I mean really. Alcohol: a habit-forming substance that tends to produce mild euphoria, reduces social inhibitions and is entirely, immovably embedded in Western culture of food and social gathering. The stuff sells itself, or it should do.

Less reprehensible than the bimbos-and-bogans environment of Australian beer advertisements is, alas, the Craft Beer Fridge at your local bottleshop. Next to the very small bottles of mind-smashingly alcoholic beer brewed by Belgian cultists, and the water-coloured half-litre German objects, with pictures of goats and unpronounceable names, and genealogical claims back to before the Reformation that defy suspension of belief, lie the Australian small-brewery beers. They’ve got names like “Twenty Lashes”, and “Admiral Byng”, and “For The Term Of His Natural Life”, suggestive of a fashionable colonial brewing history. (I’ve suggested “No Chinese” and “The Other Side Of The Frontier” as potential brandnames, without luck). Some of them are good, some of them appalling.1

So, to Four Pines, the stout in my hand. On the one hand, it’s purple, it’s got a picture of four pines on it, and big claims of being brewed in Manly. On the neck it’s got an overly-sincere couple of sentences, sentences you have to uncomfortably turn the bottle in your hand to read, about four pine trees on the peninsula that were cut down in the 1940s to make way for machine-gun pillboxes and artillery spotting bunkers. It’s a decent enough story, and so far it’s so good.

But then? Then there’s the rocketship. The brewers sent this pine-themed beer from Manly to a group of scientists who drank it on a plane making parabolic zero-gravity arcs. And then they had a dress-up party and put pictures of themselves on a website.

That’s called diluting your brand. Are you suggestive of WWII sacrifice? Are you a Northern Beaches niche product? It it a beer made by astronauts for astronauts? Is science involved in the brewing? Does it appeal to a market of Warringah cosmonauts I’ve never heard of? More importantly—what kind of beer is it, and what does it taste like?

I can answer that last one. It’s pretty good, and better than a lot of over-crafted stouts that go flat too fast and smell like air freshener.
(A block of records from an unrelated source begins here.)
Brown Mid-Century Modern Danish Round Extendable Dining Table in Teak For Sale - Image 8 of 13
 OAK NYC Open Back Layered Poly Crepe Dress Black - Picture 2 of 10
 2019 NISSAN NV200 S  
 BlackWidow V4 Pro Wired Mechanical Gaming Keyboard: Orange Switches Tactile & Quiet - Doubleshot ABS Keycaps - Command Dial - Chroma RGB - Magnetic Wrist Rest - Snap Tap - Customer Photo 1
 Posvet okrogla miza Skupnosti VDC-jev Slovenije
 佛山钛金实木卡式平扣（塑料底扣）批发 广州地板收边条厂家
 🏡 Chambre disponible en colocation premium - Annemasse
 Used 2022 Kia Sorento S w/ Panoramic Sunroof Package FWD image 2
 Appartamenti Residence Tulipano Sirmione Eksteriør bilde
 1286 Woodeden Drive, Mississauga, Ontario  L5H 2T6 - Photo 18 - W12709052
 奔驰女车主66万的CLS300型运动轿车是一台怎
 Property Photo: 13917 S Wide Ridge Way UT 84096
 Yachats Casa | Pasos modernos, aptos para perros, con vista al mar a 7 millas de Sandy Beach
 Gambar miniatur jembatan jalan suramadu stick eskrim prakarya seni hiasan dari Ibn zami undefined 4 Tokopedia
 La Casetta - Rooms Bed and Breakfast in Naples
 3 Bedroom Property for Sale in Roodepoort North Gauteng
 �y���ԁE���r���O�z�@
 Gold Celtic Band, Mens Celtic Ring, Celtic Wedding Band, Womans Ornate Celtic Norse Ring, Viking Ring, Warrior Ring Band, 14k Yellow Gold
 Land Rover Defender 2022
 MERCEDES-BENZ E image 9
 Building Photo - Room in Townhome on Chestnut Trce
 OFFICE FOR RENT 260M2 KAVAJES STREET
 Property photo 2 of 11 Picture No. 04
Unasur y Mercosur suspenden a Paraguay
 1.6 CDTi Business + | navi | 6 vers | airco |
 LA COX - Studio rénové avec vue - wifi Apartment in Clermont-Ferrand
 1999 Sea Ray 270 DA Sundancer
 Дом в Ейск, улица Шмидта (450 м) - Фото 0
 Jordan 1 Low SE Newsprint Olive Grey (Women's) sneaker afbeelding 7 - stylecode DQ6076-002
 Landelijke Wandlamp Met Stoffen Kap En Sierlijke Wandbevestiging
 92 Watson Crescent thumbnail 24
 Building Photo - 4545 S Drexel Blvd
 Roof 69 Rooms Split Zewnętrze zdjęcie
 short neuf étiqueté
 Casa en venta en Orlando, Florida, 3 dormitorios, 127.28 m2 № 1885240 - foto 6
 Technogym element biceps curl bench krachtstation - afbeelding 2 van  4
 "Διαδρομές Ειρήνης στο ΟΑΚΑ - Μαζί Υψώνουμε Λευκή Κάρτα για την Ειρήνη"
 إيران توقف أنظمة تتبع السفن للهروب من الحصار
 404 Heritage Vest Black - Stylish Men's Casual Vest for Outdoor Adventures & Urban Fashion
There’s no mucking about with chocolatiness or hops, or special effort to make a stout taste like anything but a stout. It’s dark, bitter, heavy and one-point-three standard drinks.

Ticks all the boxes except for the very strange, very incoherent marketing.

1 “Like licking the bottom of an opened golden syrup can past its expiry date” was the fruity description of one woeful Australian small-brewery craft beer I won’t name.